(Collection entries)
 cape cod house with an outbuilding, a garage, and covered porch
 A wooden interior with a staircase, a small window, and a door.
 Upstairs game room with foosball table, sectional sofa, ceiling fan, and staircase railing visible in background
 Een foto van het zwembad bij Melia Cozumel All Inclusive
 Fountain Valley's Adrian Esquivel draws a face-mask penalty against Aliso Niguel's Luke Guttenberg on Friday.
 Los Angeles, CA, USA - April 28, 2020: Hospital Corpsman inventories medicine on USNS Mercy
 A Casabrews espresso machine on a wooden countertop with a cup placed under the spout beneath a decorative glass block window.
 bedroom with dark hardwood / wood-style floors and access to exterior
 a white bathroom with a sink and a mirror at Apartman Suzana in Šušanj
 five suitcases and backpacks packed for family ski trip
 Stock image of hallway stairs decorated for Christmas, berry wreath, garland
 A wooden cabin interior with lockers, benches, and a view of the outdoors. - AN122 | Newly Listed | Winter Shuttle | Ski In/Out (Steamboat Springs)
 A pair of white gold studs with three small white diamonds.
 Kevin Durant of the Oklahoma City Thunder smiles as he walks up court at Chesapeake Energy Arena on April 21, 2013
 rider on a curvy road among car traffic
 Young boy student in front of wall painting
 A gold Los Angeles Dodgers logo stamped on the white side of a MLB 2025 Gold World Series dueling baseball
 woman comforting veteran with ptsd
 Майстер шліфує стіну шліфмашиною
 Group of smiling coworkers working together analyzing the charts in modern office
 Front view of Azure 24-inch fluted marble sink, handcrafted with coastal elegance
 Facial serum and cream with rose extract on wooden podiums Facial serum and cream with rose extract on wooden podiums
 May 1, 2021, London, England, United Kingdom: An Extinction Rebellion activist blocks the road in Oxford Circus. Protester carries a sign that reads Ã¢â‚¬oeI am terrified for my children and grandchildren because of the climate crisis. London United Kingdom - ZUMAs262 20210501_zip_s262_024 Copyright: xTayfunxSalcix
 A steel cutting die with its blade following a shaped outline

• [What the task requires]:
Each line from the beginning of the entries to the line with "Los Angeles, CA, USA" must be repeated exactly, with both end lines kept and no other lines given.

• [Completed task]:
 cape cod house with an outbuilding, a garage, and covered porch
 A wooden interior with a staircase, a small window, and a door.
 Upstairs game room with foosball table, sectional sofa, ceiling fan, and staircase railing visible in background
 Een foto van het zwembad bij Melia Cozumel All Inclusive
 Fountain Valley's Adrian Esquivel draws a face-mask penalty against Aliso Niguel's Luke Guttenberg on Friday.
 Los Angeles, CA, USA - April 28, 2020: Hospital Corpsman inventories medicine on USNS Mercy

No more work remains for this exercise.